In a way this isn’t surprising—the overall economy has been showing slow but steady growth for the last few years. In the third quarter, it grew 2 percent. Given that the industry still advertises less than others, there seems little reason it should outpace that. As Jewelers Board of Trade president Dione Kenyon told me: “If the [U.S.] economy can’t grow more than 2 percent, jewelry sales aren’t going to grow more than that.”
What is striking is how uneven business is—some jewelers did great, some did okay, and many were flat or slightly below last year. But business was also uneven throughout the year. Some told us December sales outpaced the rest of the year’s; others reported the opposite.
At the Forevermark cocktail party on Jan. 11, De Beers CEO Philippe Mellier said his stats showed sales for both the holiday season and the year rose 7 percent at Forevermark jewelers. (He also took a minor shot at Martin Rapaport, noting Rapaport released his anti-Mellier jeremiad just “before the selling season.” Mellier added, “I’m still here.”)
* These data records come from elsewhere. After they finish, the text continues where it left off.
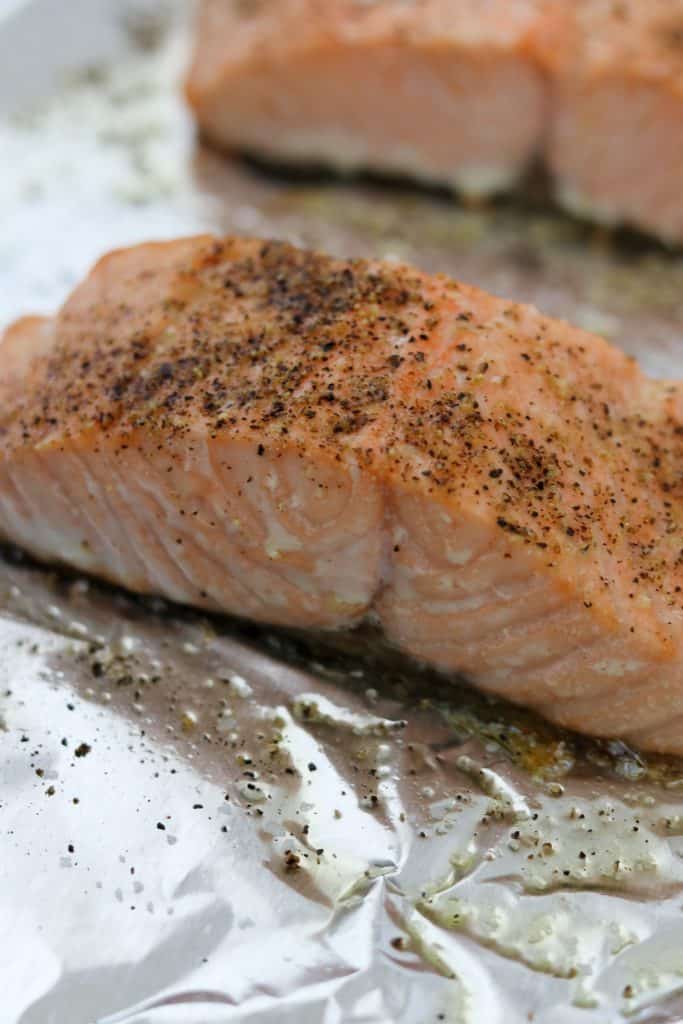 A close up of cooked salmon on foil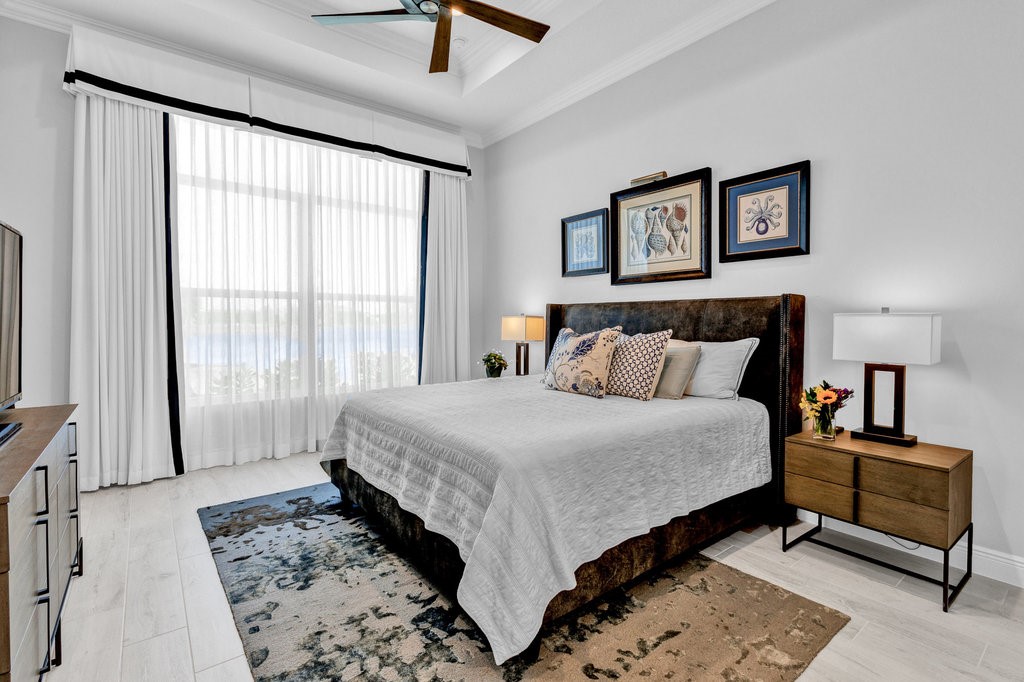 5594 Bent Pine Square Vero Beach, FL 32967 - Photo 16 of 35 a bedroom with a bed and a large mirror on the dresser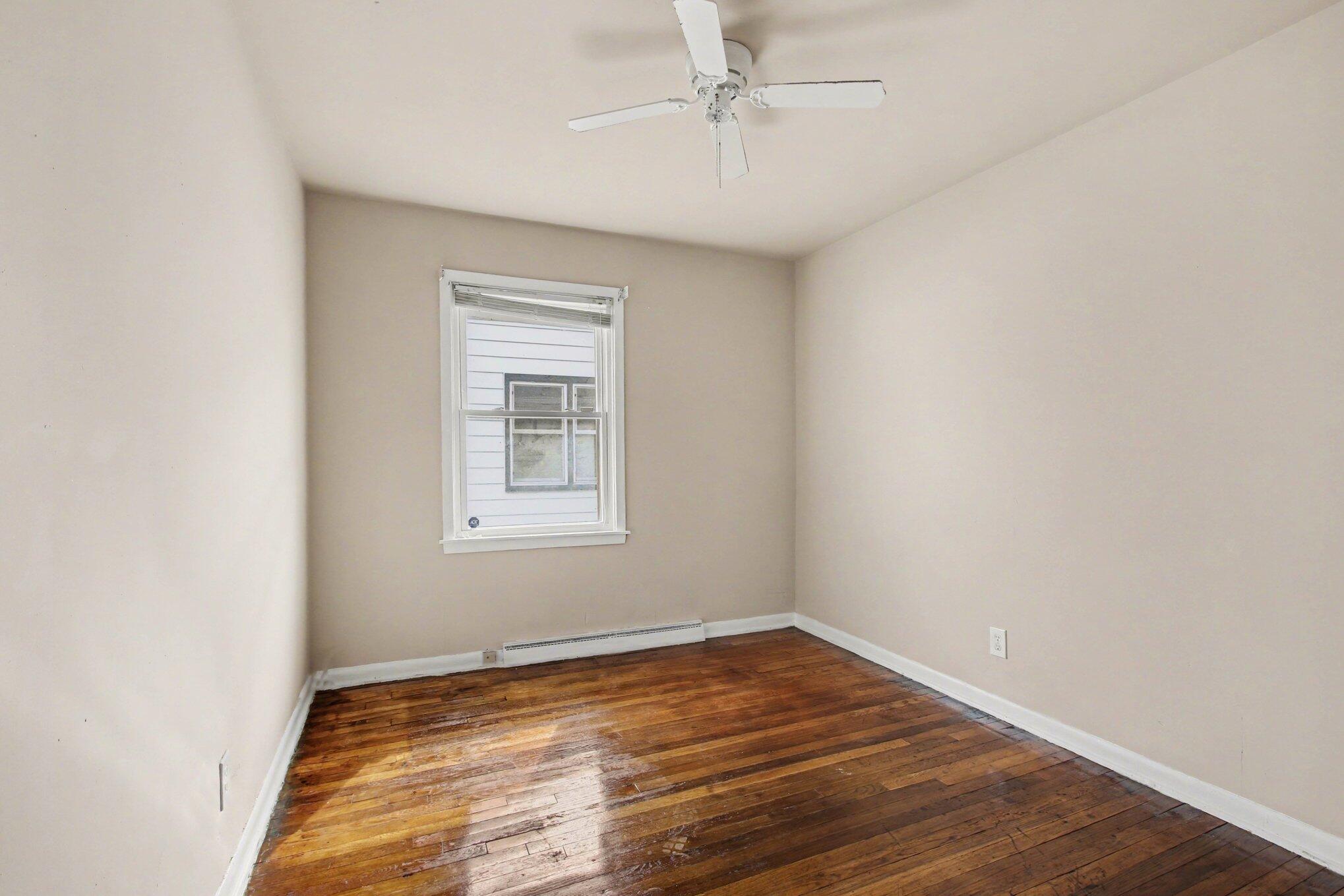 1741 Cleveland Street Gary, IN 46404 - Photo 11 of 16 wooden floor in an empty room with a window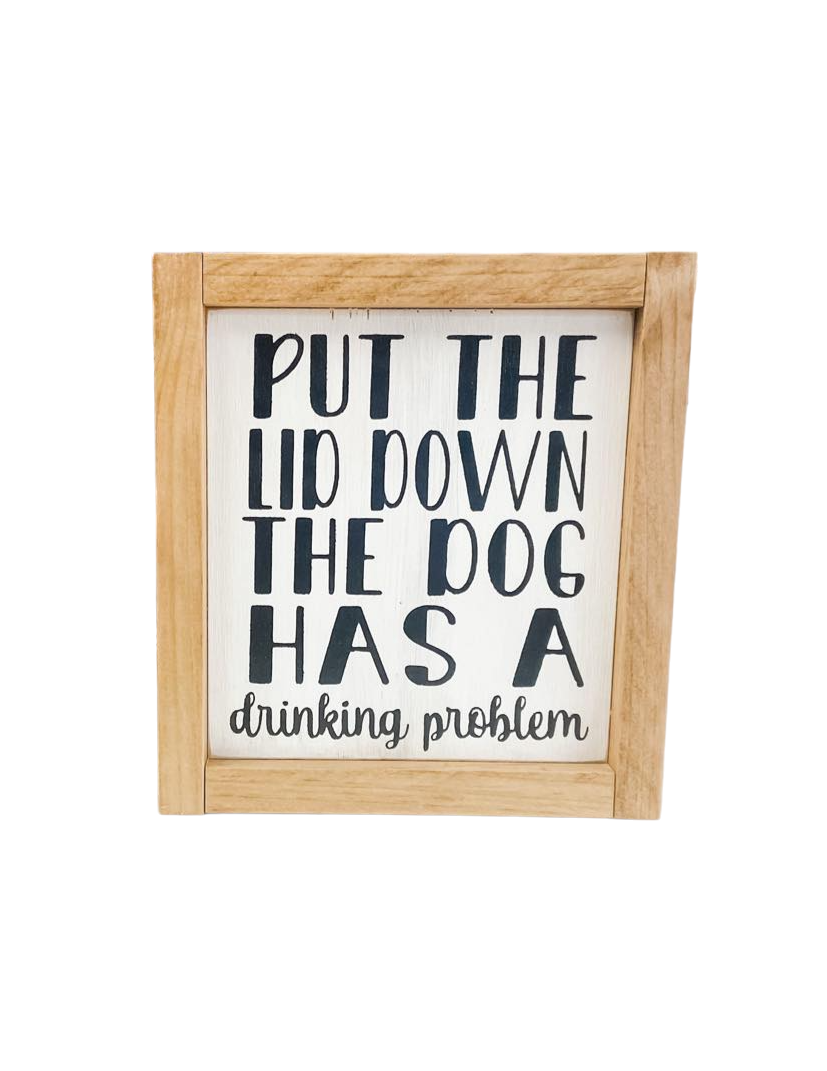 A 6.75" x 7.25" funny bathroom sign framed in stained golden oak wood. The sign features a white background with playful black text that reads, 'Put the lid down, the dog has a drinking problem.' This funny bathroom sign is the perfect dog sign to add humor and charm to your bathroom decor.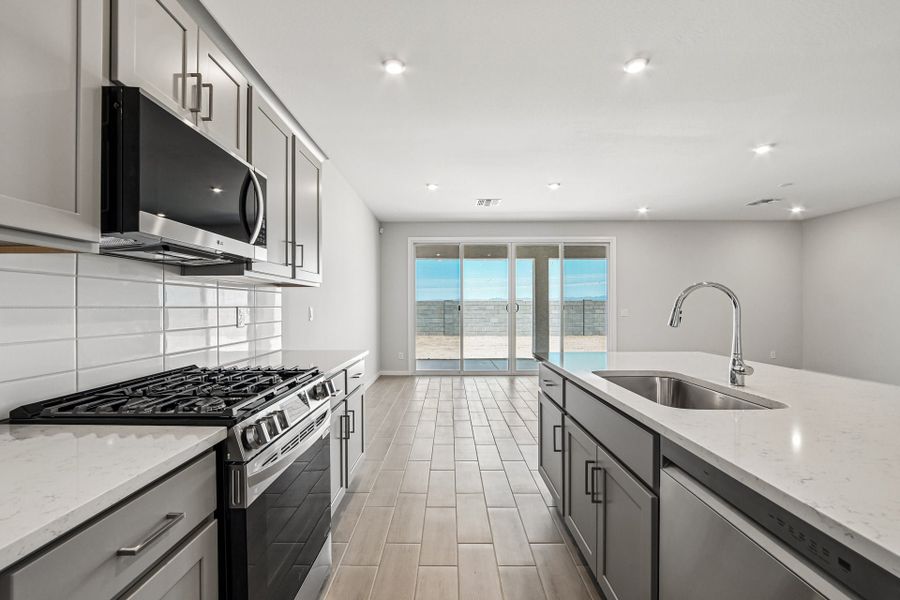 A kitchen with a tile floor.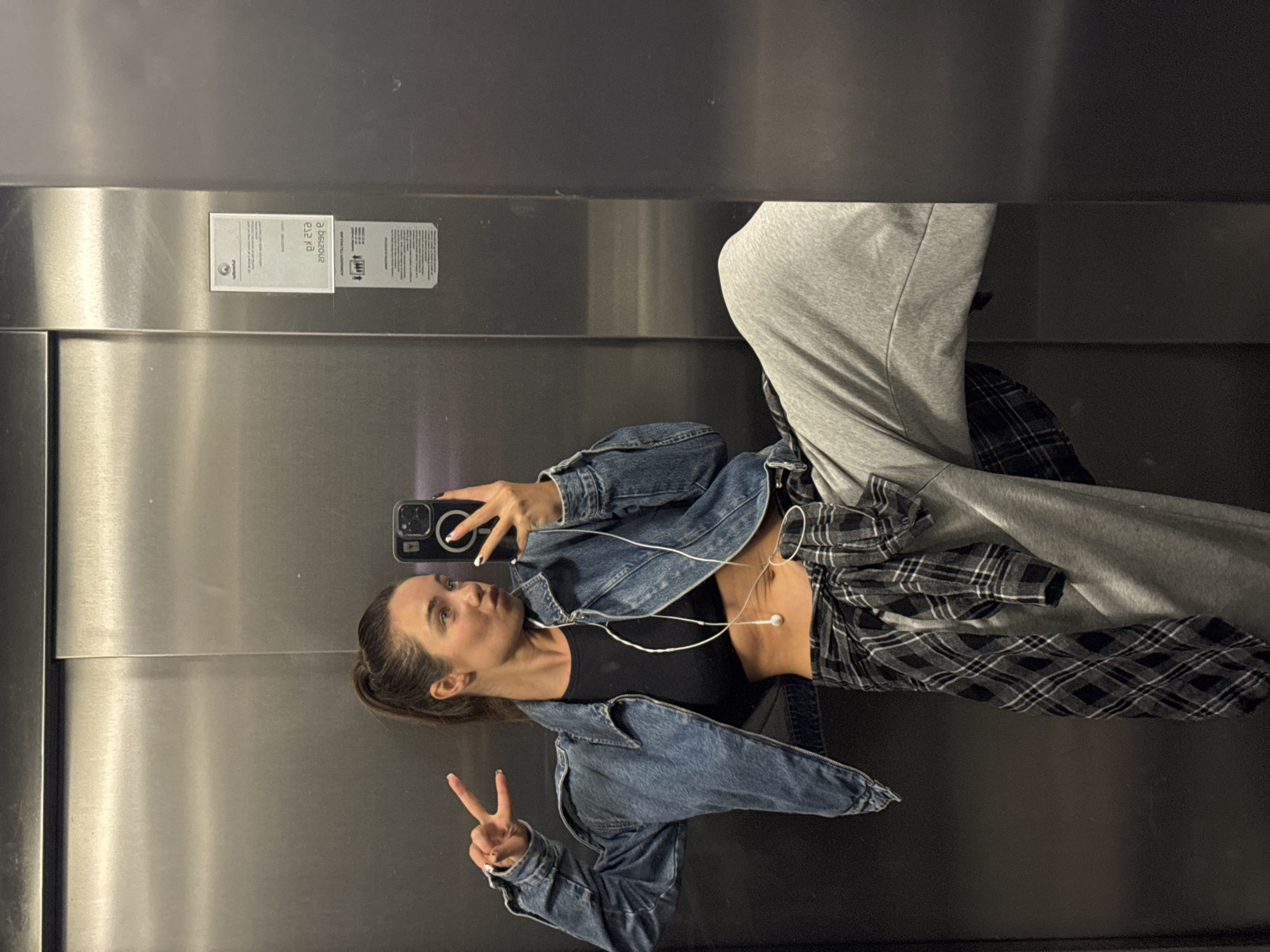 A young woman is captured in a mirror selfie inside a metallic elevator. She is positioned facing her reflection, with her head slightly tilted and a relaxed expression, making a peace sign with her left hand. Her right hand holds a dark-colored smartphone, possibly an iPhone, which is the device capturing the image. She is wearing a dark blue denim jacket over a black crop top, revealing her midriff. A black and white plaid shirt is tied around her waist, and she wears light grey sweatpants. White wired earbuds are visible, plugged into her phone and hanging down.
The elevator walls are made of brushed or polished stainless steel, reflecting the surroundings. On the upper portion of the wall to the left, an informational sticker or plaque is visible. Due to the reflection and angle, the text appears reversed and partially upside down. Identifiable elements include "e12 kg" (likely relating to weight or capacity, possibly "21 kg" if viewed correctly) and a logo that resembles "KONE," a well-known elevator company. Further small, illegible text likely provides instructions or technical details. The setting is an indoor, utilitarian space, typical of an elevator in an urban environment like Budva, Montenegro, as provided by the context. The woman's pose and gesture suggest a casual and confident mood.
Diamond sales likely did outpace general jewelry sales, with bridal and studs being particularly hot last year. Signet’s 5 percent gain in November–December was in part fueled by the success of Ever Us.
Concerning the diamond business in general, the overall (but certainly not absolute) consensus is that it is starting to bottom out, and we should see a turnaround by this summer. One possible danger is the ripple effect. Clearly, the dramatic cessation of buying this year was out of proportion to the moderate drop in demand. Yet, if things improve, companies could overreact in the other direction, buy too many goods, and end up stuck again.
What do we see for the year ahead? The industry has woken up in a big way. and we are seeing a lot more marketing. That is a great sign. The U.S. economy remains healthy, at least compared to the rest on the world. On the minus side, many worry that the bad news from overseas might slow down growth here. Election years generally don’t help retail, and this looks to be a particularly unpredictable and maybe even unsettling one.
One final point: Some people called my recent post about independent jewelers closing depressing, even if they liked the idea of saluting their departing comrades. Believe me, it wasn’t fun to write. Consolidation is a fact of life in this industry, and it likely isn’t over. I can only stress, as I did in that post, that most of the closings are retirements, rather than bankruptcies. There are still more independent jewelers than other types of retailers, and this thinning of the herd, while not particularly pleasant, should make the remaining players stronger.
These are not easy times, but there are a lot of opportunities out there.